NBC has just put out a press release announcing that Jay Leno will leave The Tonight Show in Spring of next year and that Jimmy Fallon will begin doing that program from New York. The most interesting paragraph in the release to me is this quote from Steve Burke, Chief Executive Officer of NBCUniversal…
We are purposefully making this change when Jay is #1, just as Jay replaced Johnny Carson when he was #1. Jimmy Fallon is a unique talent and this is his time. I'm thrilled he will become the sixth host of The Tonight Show at exactly the right moment.
No mention in there of Conan replacing Jay when he was #1…but that didn't work out so well, did it? Burke also said of Leno, "His long reign as the highest-rated late-night host is a testament to his work ethic and dedication to his viewers and to NBC." Yeah, and NBC has been so dedicated to him that they've decided to oust him three times, all when he was delivering the ratings they wanted.
Leno's contract was not up until the Fall and he reportedly had a clause that paid him a huge fee if he was yanked off the air before the contract was up. I'm assuming that all the delay and scuffling of the last few weeks have been because negotiations were being held as to how much Jay would get and at what point he'd be free to go elsewhere. Will he land at Fox or somewhere else? Hard to say. My guess is he'll increase his schedule of stand-up gigs and wait to see what's offered and — equally important — how committed those suitors are to stick with a new show. If Fox offers him 26 weeks with options, he'll say no. If they offer him a pretty solid couple of years…well, maybe. Jay's never been a guy to turn down a job if he could squeeze it in but sooner or later, he's gotta. There's a good "quit while you're ahead" argument here.
I find something very likeable about Jimmy Fallon but I find myself unable to like his show. I don't mind that he is not edgy. All the criticisms of Leno softening his act and dumbing it down for Middle America strike me as more applicable to Fallon, except that he never really had a hard-edged act to soften. Every time I tune him in, he seems to be playing Beer Pong or some game designed to cover him and/or a guest with food or beverage.

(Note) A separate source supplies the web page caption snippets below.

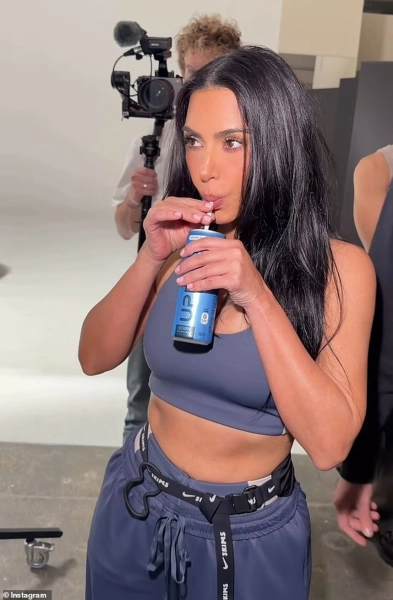 Кім Кардаш'ян приголомшує новим напоєм: зірка в центрі скандалу через ефектні фото 14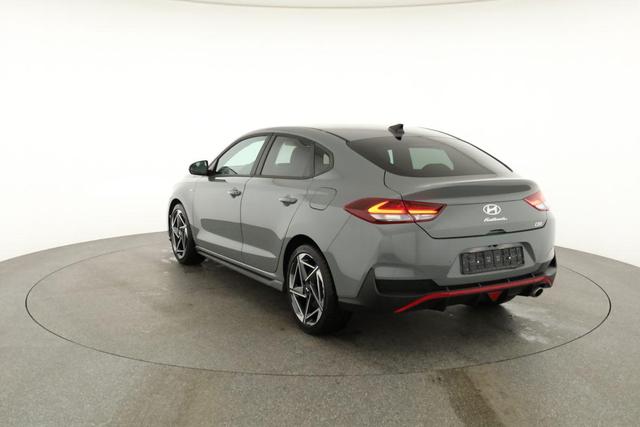 Hyundai i30 N Line 1.5 T-GDI DCT Fastback N-LINE, Navi, 18-Zoll, Kamera, LED, Winter 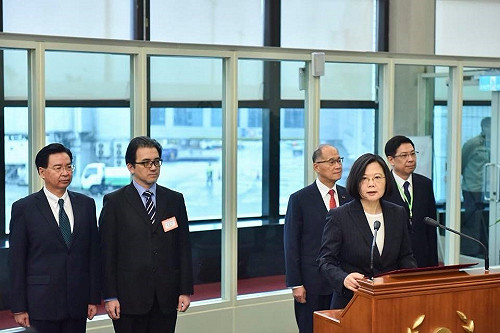 蔡英文出訪：要求國安團隊 隨時回報周邊情勢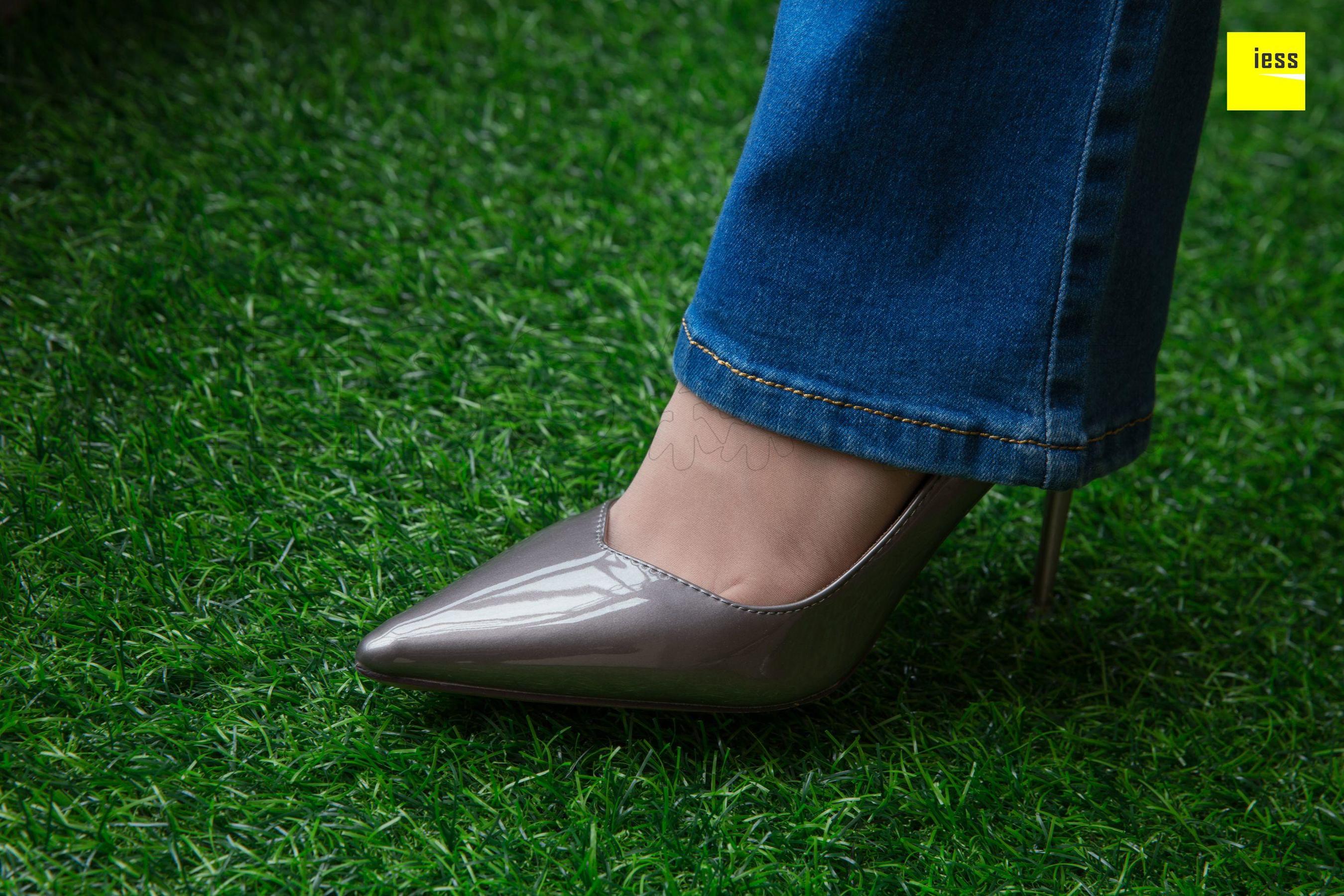 Spicy Mom Junjun The Bar Mom's Fan Toules Pants Short Silk Different Thoughts to IESS Silk House 236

I don't find that kind of thing all that entertaining — or any hipper/wittier than Jay bringing out stupid people to play Jeopardy! and get all the questions wrong.
People keep asking me how I think Dave or Conan feel about all this. I doubt either one cares that much. They have their own shows to worry about. Conan's just been extended on his TBS series but that only means he's doing about as well as George Lopez did for them there. It's steady but that's about it.
Meanwhile: Without Jay on the air, Letterman's really going to feel like a dinosaur. Friends who know him say he's only doing the show (a) because it's the only thing he does that brings him much happiness, (b) he doesn't know what else to do and (c) he wants his son to get old enough to really understand that Daddy is a TV star. It'll be interesting to see if he inherits the older viewers who don't have Leno to watch anymore — that's assuming Leno isn't over on Fox — or if Dave loses too many of the younger ones to Fallon. In any case, the narrative changes from "Dave's staying on the air because he wants to outlast Jay" to "When's Dave going to pack it in?"
There's a new batch of rumors that NBC is talking to Seth Meyers about taking over Late Night. One friend over at NBC says it's all about costs and that a 90-minute Tonight Show, in lieu of anyone following Fallon at 12:35, is not yet off the table. I like Seth Meyers but wonder if he isn't too much like Fallon to work in that slot.
And that's about it for the moment. You'll probably see a lot of articles that say this may be the dumbest move NBC has ever made…so I don't need to write why it may well be that. If this were a few years ago, I'd confidently predict that the network will regret the decision but the landscape is changing. There's a very different game emerging here — one played in part on the Internet with streaming and morning-after clips. I can somewhat understand how NBC might see Fallon as better-equpped to fit in with where they think late night TV is going. My pessimism is based on this: The 10 PM Jay Leno Show experiment was predicated on the theory that TV was changing and that NBC was leaping to pioneer in playing by the new rules. Remember the cover — was it on Time or Newsweek? — about how Leno's show might represent the future of television? Then he got on the air and someone discovered that the old rules still applied.
Fallon will certainly succeed by some measure — lowering the cost of programming, finding ways to multi-purpose, delivering younger demos, etc. Conan O'Brien also succeeded by some kinds of scorekeeping and so, pretty consistently, has Jay. It isn't that late night hosts aren't winning. It's that the network can't figure out just what the game is in which they're supposed to emerge victorious.